#### Action item:
Write out again, exactly as they appear, the lines from the start of the data below through the line with "Mens Medium Black DreamKnit"; no pictures.

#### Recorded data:
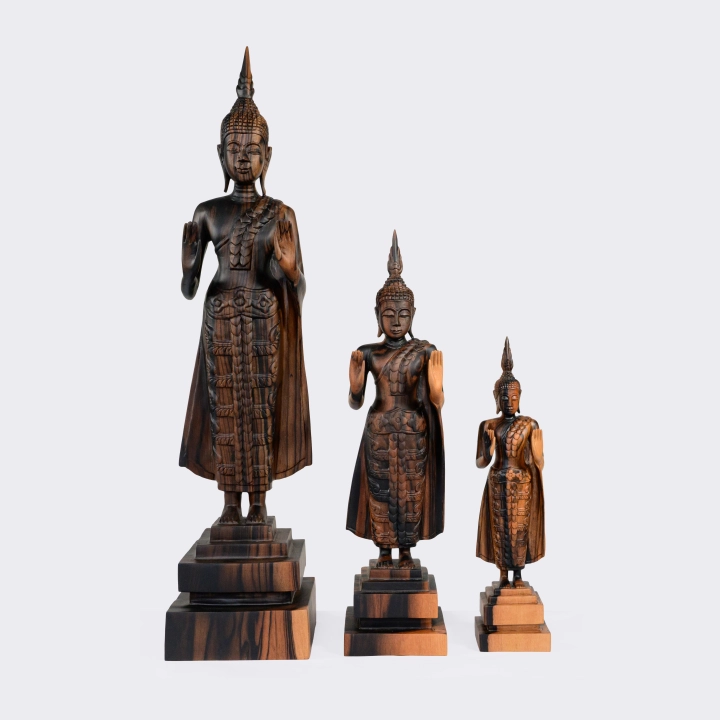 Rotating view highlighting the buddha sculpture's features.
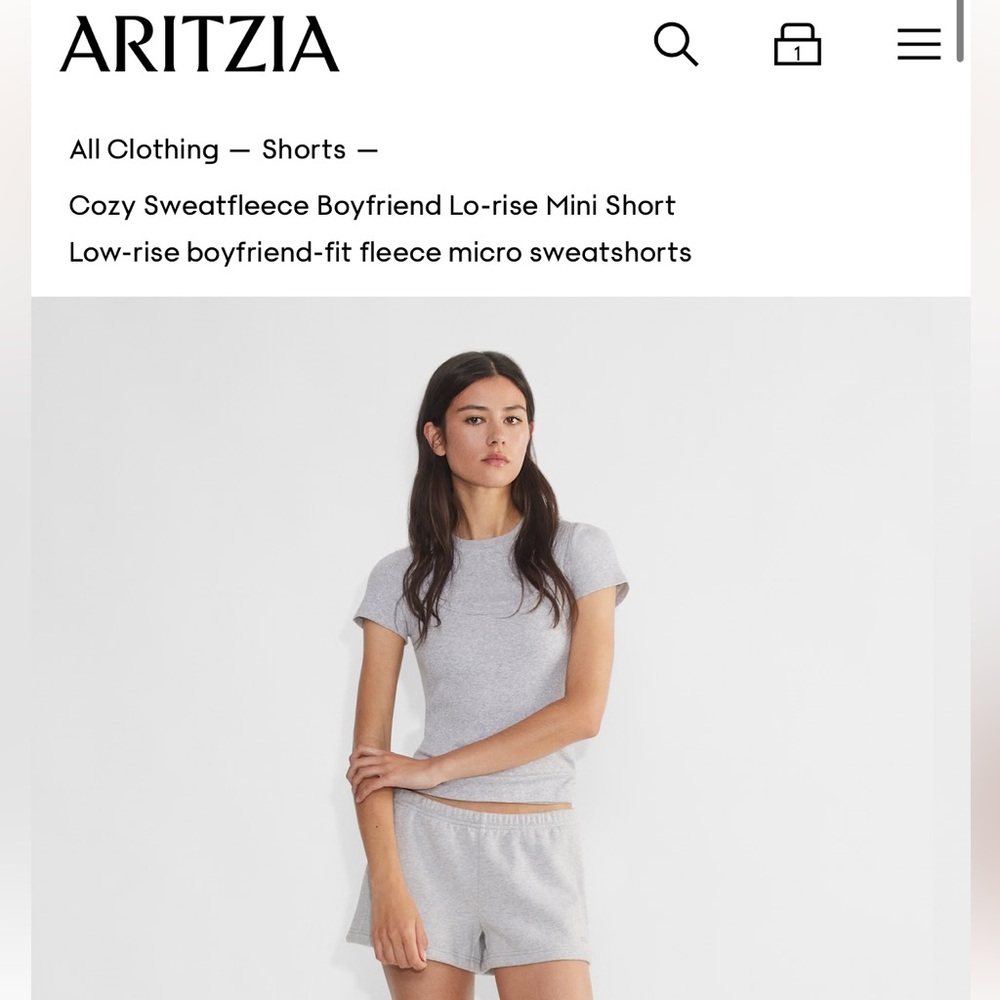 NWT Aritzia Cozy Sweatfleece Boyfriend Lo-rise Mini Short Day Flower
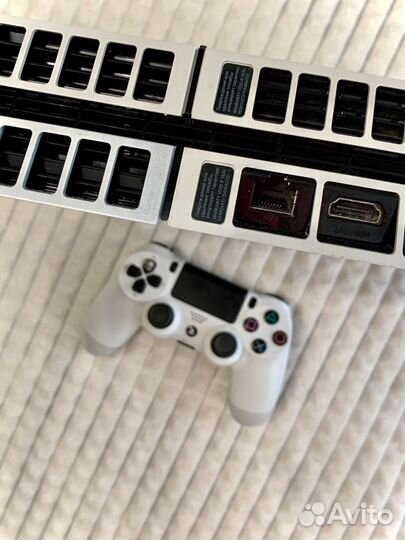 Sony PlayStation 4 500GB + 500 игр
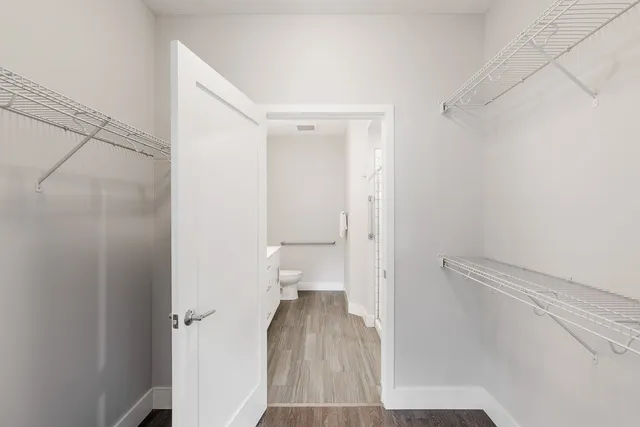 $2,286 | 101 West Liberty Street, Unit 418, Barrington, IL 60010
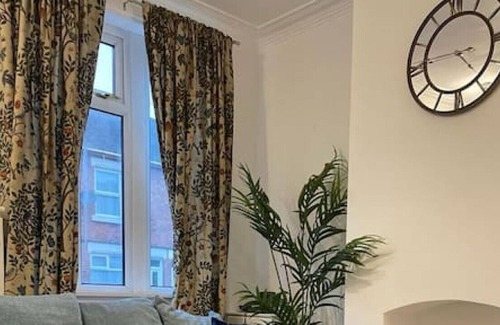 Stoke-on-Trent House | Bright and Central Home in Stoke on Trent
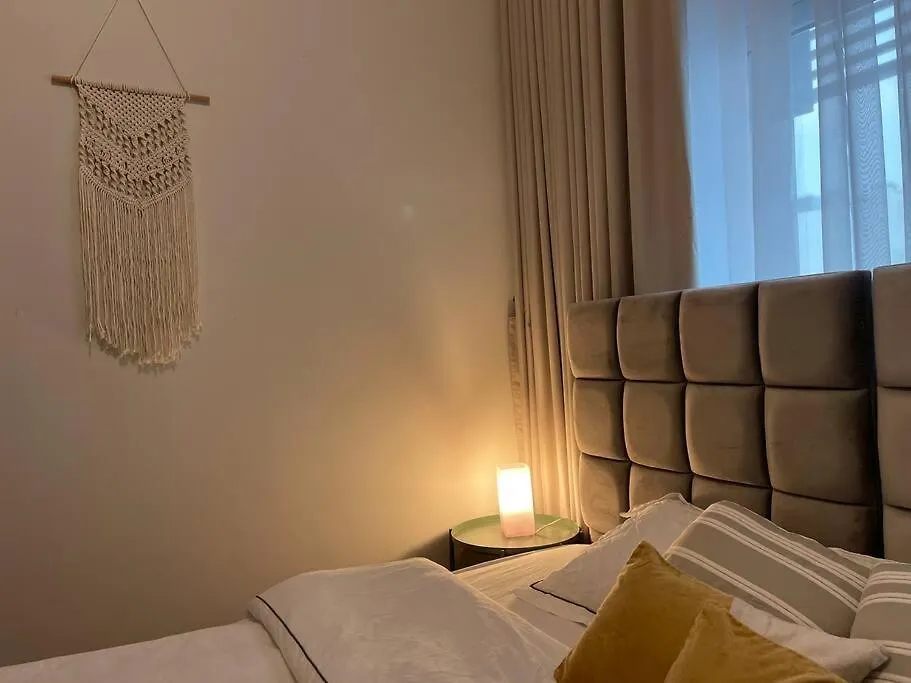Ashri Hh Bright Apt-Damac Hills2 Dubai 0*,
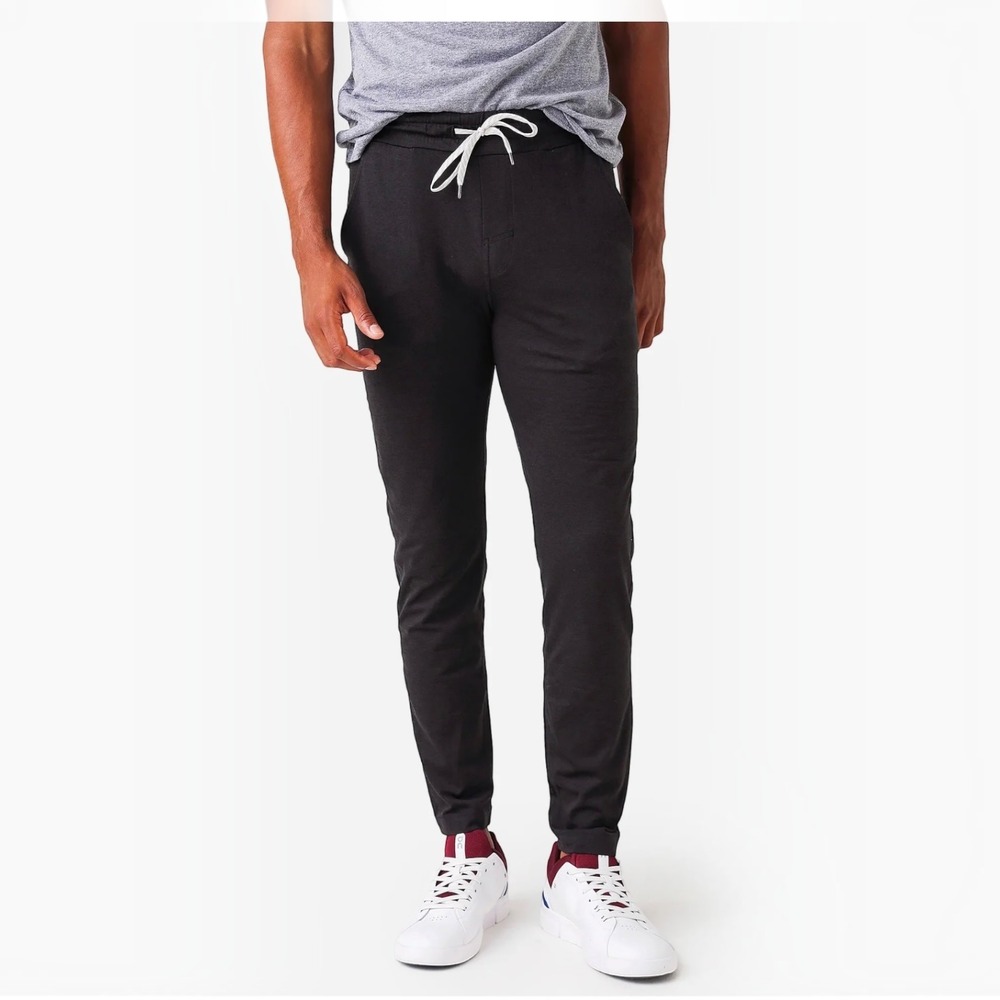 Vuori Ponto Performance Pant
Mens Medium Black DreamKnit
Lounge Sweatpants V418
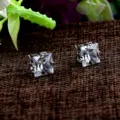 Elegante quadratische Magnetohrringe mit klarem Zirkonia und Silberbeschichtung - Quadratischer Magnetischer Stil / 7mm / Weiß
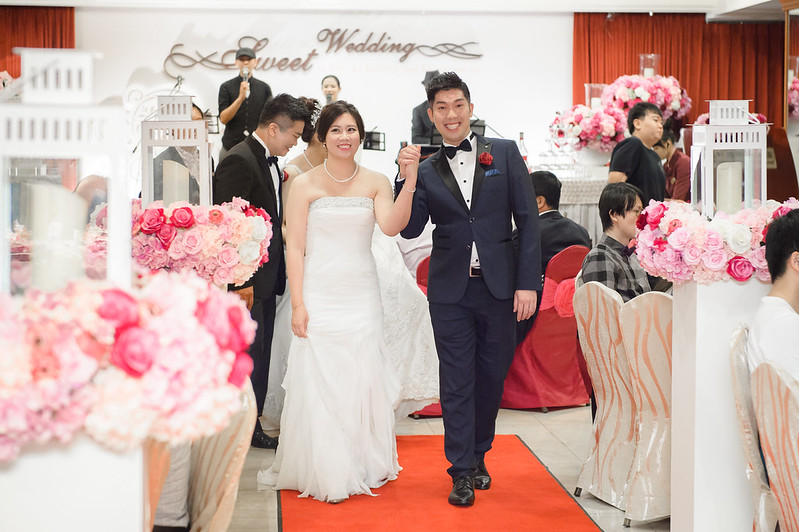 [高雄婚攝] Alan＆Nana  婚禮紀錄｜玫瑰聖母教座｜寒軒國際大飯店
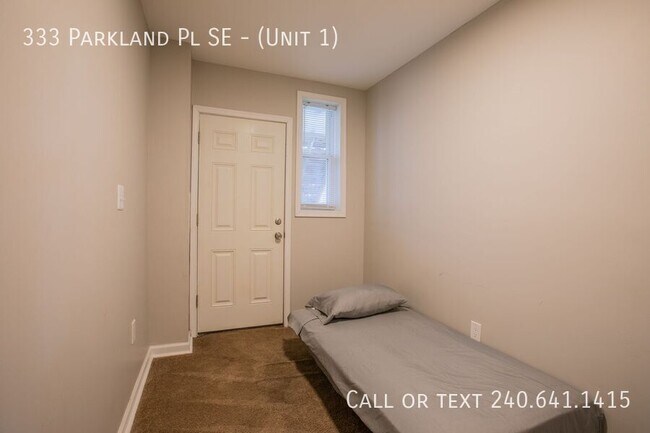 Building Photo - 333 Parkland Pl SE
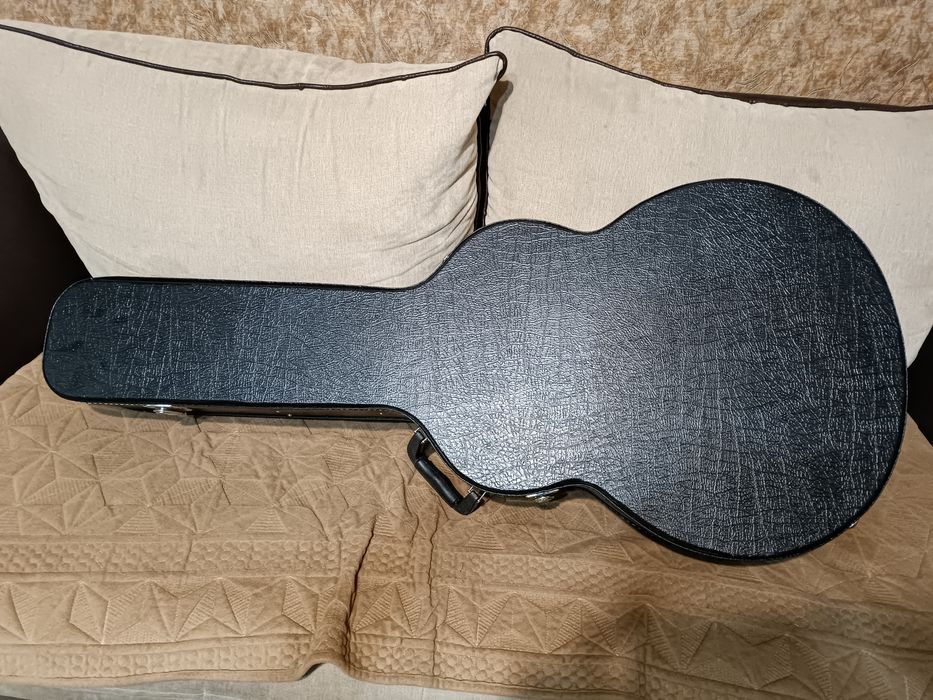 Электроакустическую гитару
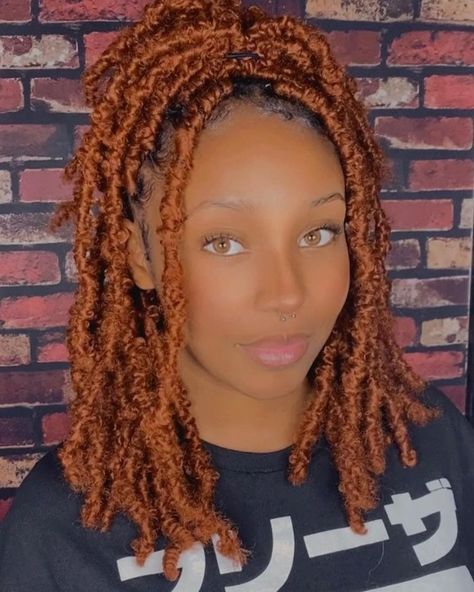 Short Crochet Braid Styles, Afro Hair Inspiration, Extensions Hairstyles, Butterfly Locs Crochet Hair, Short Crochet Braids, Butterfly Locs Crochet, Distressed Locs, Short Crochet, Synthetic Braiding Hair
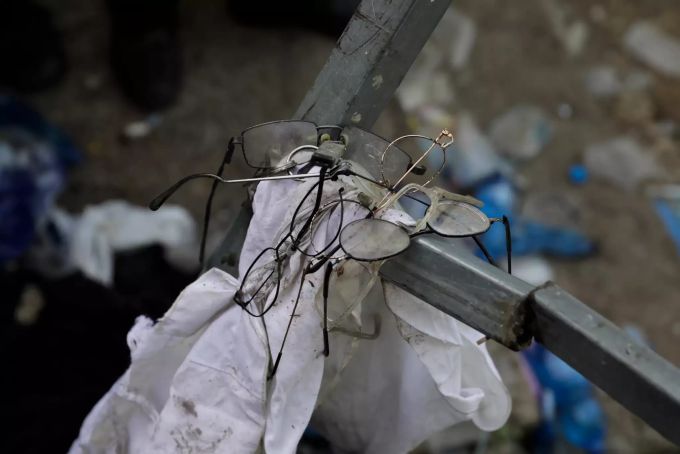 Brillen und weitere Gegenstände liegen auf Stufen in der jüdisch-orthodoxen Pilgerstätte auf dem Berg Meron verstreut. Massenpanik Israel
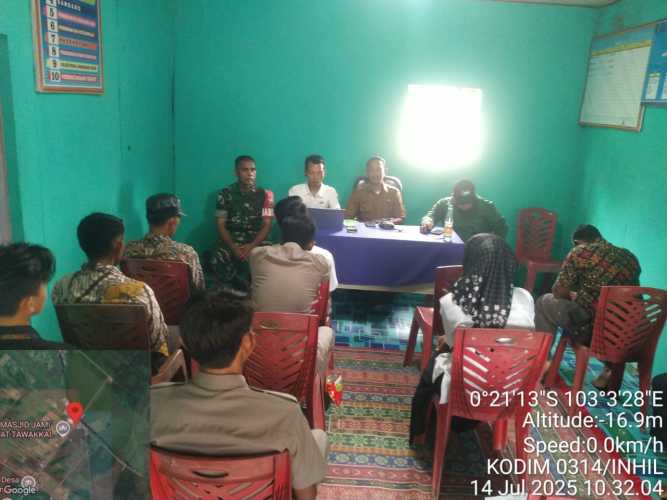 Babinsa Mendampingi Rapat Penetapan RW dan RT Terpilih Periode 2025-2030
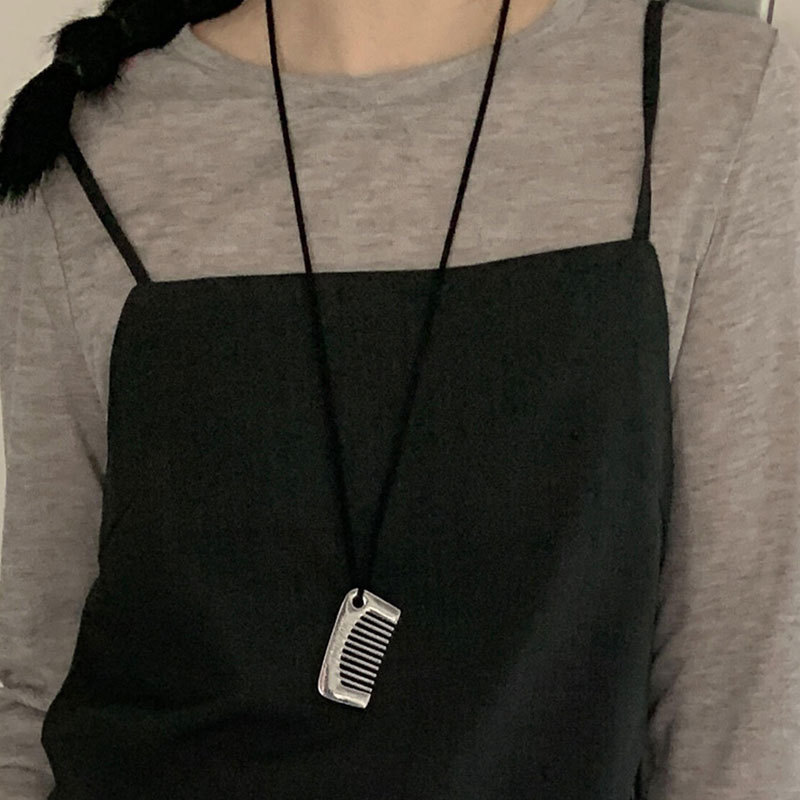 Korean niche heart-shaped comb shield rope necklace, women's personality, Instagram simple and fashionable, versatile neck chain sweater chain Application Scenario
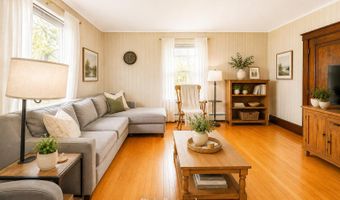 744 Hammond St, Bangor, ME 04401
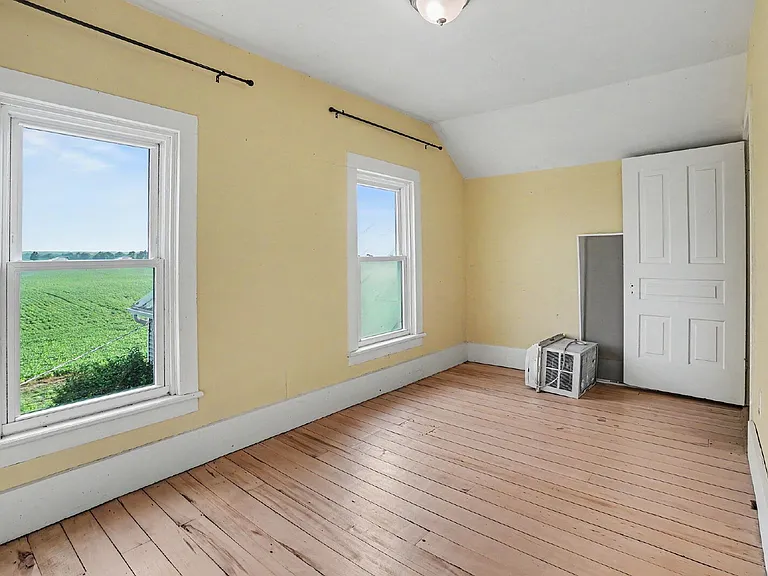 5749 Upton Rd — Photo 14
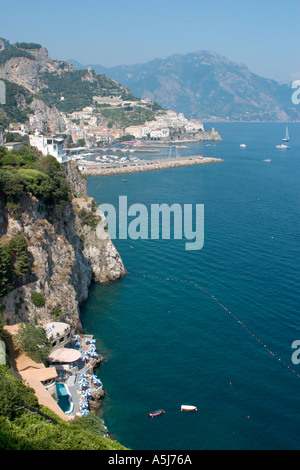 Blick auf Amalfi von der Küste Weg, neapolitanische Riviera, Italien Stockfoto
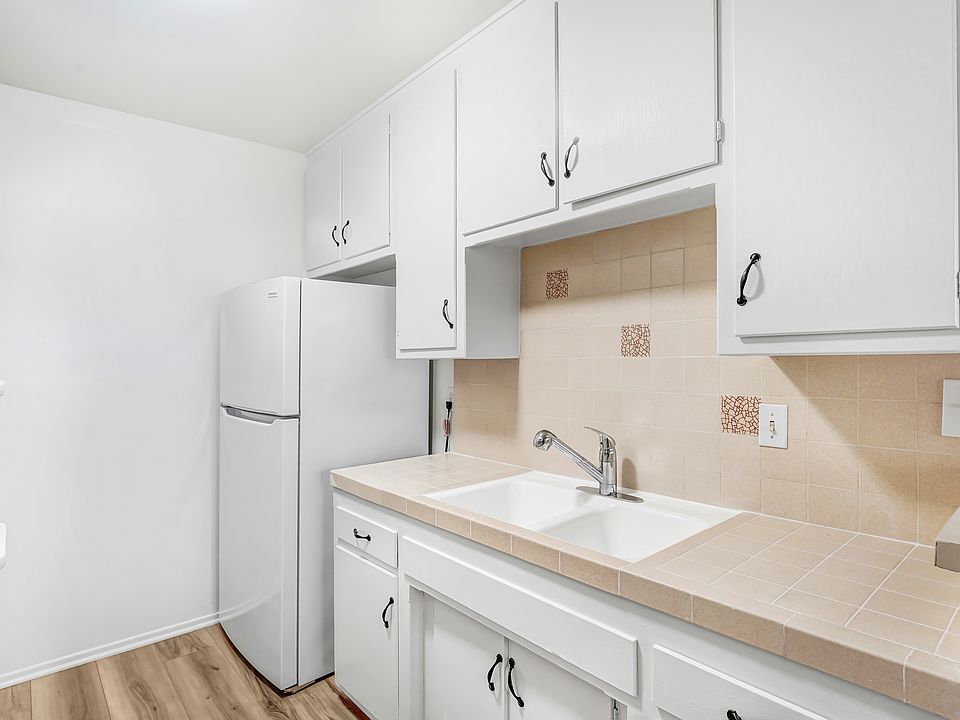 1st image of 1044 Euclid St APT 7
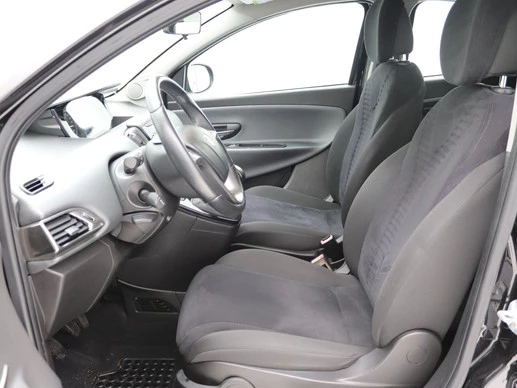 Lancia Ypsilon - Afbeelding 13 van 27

#### Exercise answer:
 Rotating view highlighting the buddha sculpture's features.
 NWT Aritzia Cozy Sweatfleece Boyfriend Lo-rise Mini Short Day Flower
 Sony PlayStation 4 500GB + 500 игр
 $2,286 | 101 West Liberty Street, Unit 418, Barrington, IL 60010
 Stoke-on-Trent House | Bright and Central Home in Stoke on Trent
Ashri Hh Bright Apt-Damac Hills2 Dubai 0*,
 Vuori Ponto Performance Pant
Mens Medium Black DreamKnit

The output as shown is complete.